Characterization of Choked Conditions Under Subsonic to Supersonic Flow in Single‐Phase (Supercritical to Gaseous CO 2 or Liquid H 2 O) and Multiphase (CO 2 and H 2 O) Transport

In geologic media, fluids exist in gas, liquid, and supercritical phases, generating multiphase and multicomponent systems. As fluids migrating through geologic fractures reach the speed of sound, choked flow can be developed in microfractures. To elucidate such choked flow, thermodynamic analysis and numerical simulations were conducted with CO 2 , H 2 O, and CO 2 ‐H 2 O mixtures at various phases ranging from supercritical to gaseous CO 2 and liquid H 2 O. Compressible CO 2 , with a relatively low speed of sound (~225 m/s at 31.1 °C and 7.38 MPa), demonstrated significant changes in thermodynamic properties with small pressure and temperature variations.
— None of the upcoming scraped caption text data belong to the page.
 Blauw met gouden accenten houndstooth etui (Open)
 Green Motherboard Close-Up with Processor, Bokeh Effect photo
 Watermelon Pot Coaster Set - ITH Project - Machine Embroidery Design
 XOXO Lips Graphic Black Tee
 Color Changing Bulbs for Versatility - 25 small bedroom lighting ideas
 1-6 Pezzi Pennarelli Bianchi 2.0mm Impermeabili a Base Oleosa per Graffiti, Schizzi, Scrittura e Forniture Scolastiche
In contrast, H 2 O, having a relatively high speed of sound (1,524 m/s), showed little thermodynamic variation. For CO 2 ‐H 2 O mixtures, a small addition of CO 2 (or H 2 O) dramatically reduced the speed of sound relative to those for pure H 2 O or CO 2 . For an idealized converging‐diverging microfracture with CO 2 flow, choked flow and a shock wave were generated as outlet pressure was decreased to less than 6.8 MPa. The H 2 O flow did not generate choked flow at any outlet pressures. For CO 2 ‐H 2 O mixtures, choked flow was generated when the CO 2 void fraction was greater than 0.7 with an outlet pressure of 6.5 MPa, indicating that presence of H 2 O inhibited occurrence of choked flow. Choked flow and shock waves can occur in various geologic environments including geologic CO 2 sequestration, geothermal energy development, geysers, and volcano eruptions.